By Marcus Ashworth
“It’s nothing, but it’s nothing.” The philosopher Ludwig Wittgenstein wrote about the inability to discuss private senses such as pain. It could, however, hypothetically describe the European Central Bank’s announcement on Wednesday in the same way, following an emergency meeting of policymakers that took more than three hours to produce less than 150 words.
European bond traders interpreted the surprise meeting of the ECB’s Governing Council on Wednesday as a prelude to urgent action to restore calm in a market whose turmoil had pushed Italy’s 10-year government bond yields above 4% for the first time in 2014, with borrowing costs for HellasSpain and Portugal to increase as well.
Yields fell amid hopes of a more substantial plan to defend the weakest members of the eurozone in the face of President Christine Lagarde’s vague references to flexible reinvestment of central bank bonds in the central bank. .
Instead, the markets received a “contentless hamburger” in return for a surprising failure of the ECB to manage expectations and communication management.
The rest of the week was followed not only by a significant increase in interest rates by the US Federal Reserve, but also the fifth consecutive increase by that of the United Kingdom (Bank of England), while measures are likely to be expected from the side of the Central Bank of Japan. The contrast with the negative deposit rate of 0.5% in the euro area is becoming more and more emphatic.
European bonds have received some “consolation” from the commitment to “speed up the completion of the design of a new anti-fragmentation instrument”, a phrase which in the ECB’s dialect means limiting spread yields between German and foreign government bonds. of regional countries such as Italy and Hellas.
Why this commitment was not included in last week’s regularly scheduled policy statement remains a mystery most likely explained by the controversy between “hawks” and “pigeons” in the field of monetary policy.
The usual way the ECB operates involves revealing through sources at a later time what was actually discussed and what was planned. If the eurozone really wants to do “what it needs to do”, it will require a major “sweep” of Italian bonds, especially with their huge issue schedule.
THE Hellas is already well-financed for the coming years and can afford the market collapse storm that saw its 10-year borrowing costs rise to 4.25% from 1.5% at the beginning of the year.
The big patient
The Italian Ministry of Finance, however, has already delayed its planned schedule for issuing new debt this year. Another factor is government credit ratings, with S&P Global Ratings putting Italy’s BBB rating on a positive outlook last year.

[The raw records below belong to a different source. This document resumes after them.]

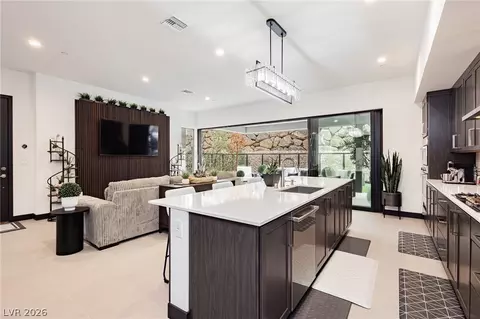 13 Promenade Isle Ln, Henderson, NV 89011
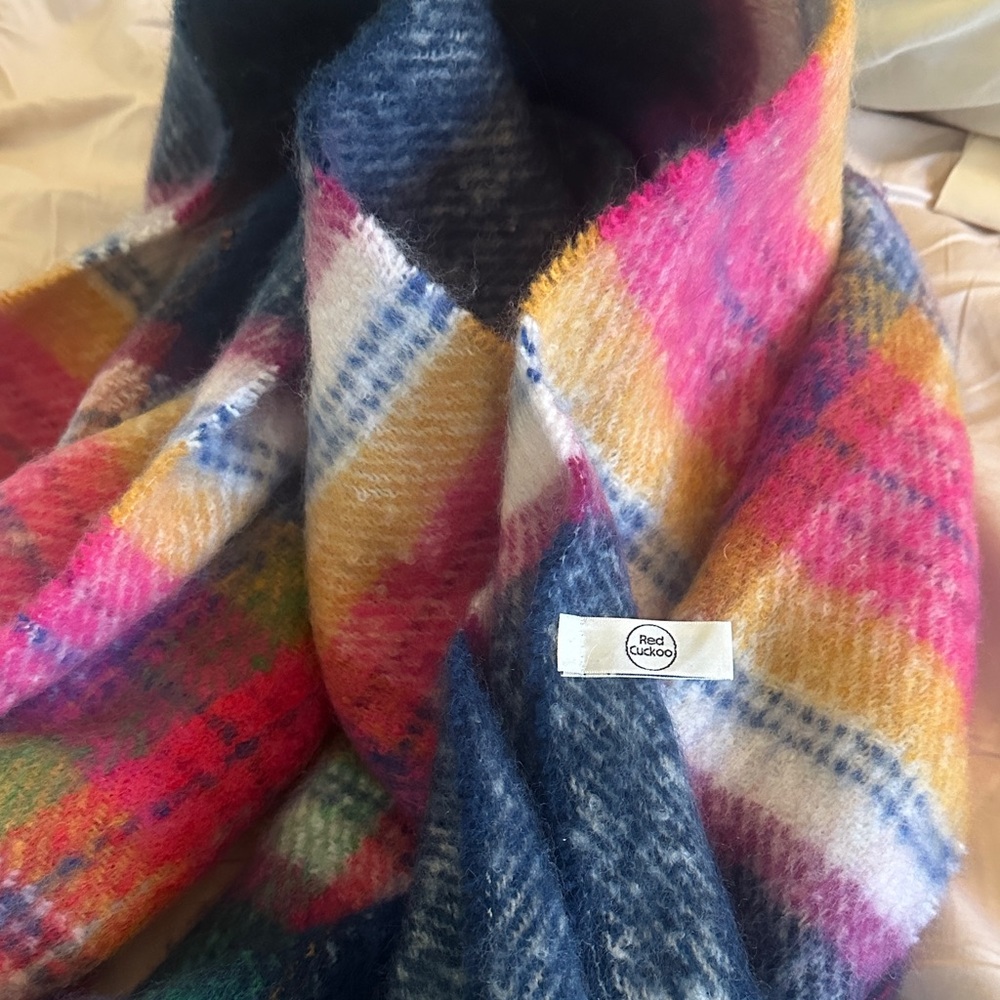 Red Cuckoo soft fringe Colorful Plaid blanket Scarf nwot $48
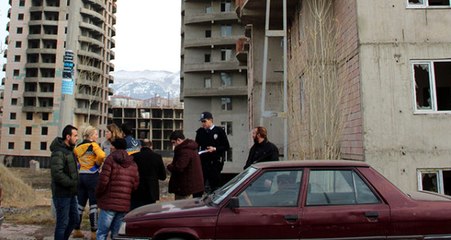 Mahalleliden Yarım Kalan İnşaatlara Tepki: Çocuklarımız Tehlike Altında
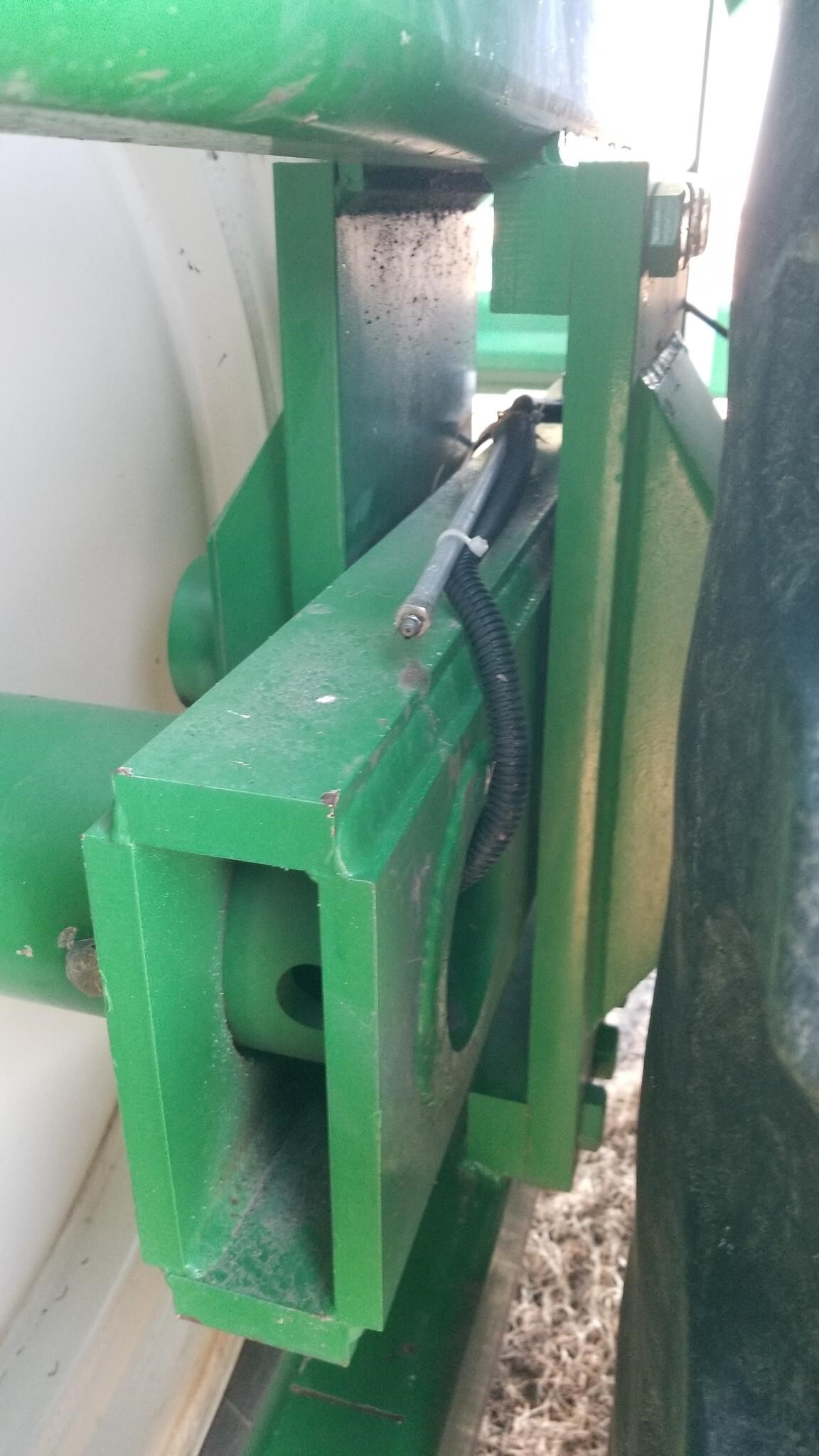 2011 J&M 1151-22D Grain Cart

This was largely based on how cheap it was to fund the country at the time, which was actually paid instead of paying to raise money on short-term issues. The era of negative interest rates is long gone – and with it will surely soon pass Italy’s positive credit outlook.
Policymakers will have to put a lot more “flesh” in the framework of their decisions on Wednesday, if they are serious about their intention to stop the spill of bond spreads.
Italian yields traded at 30 basis points on Wednesday and are still four times higher than where they started the year. The risk of market disintegration if investors do not appear to be satisfied with the solution that the ECB will eventually reach is high and increasing.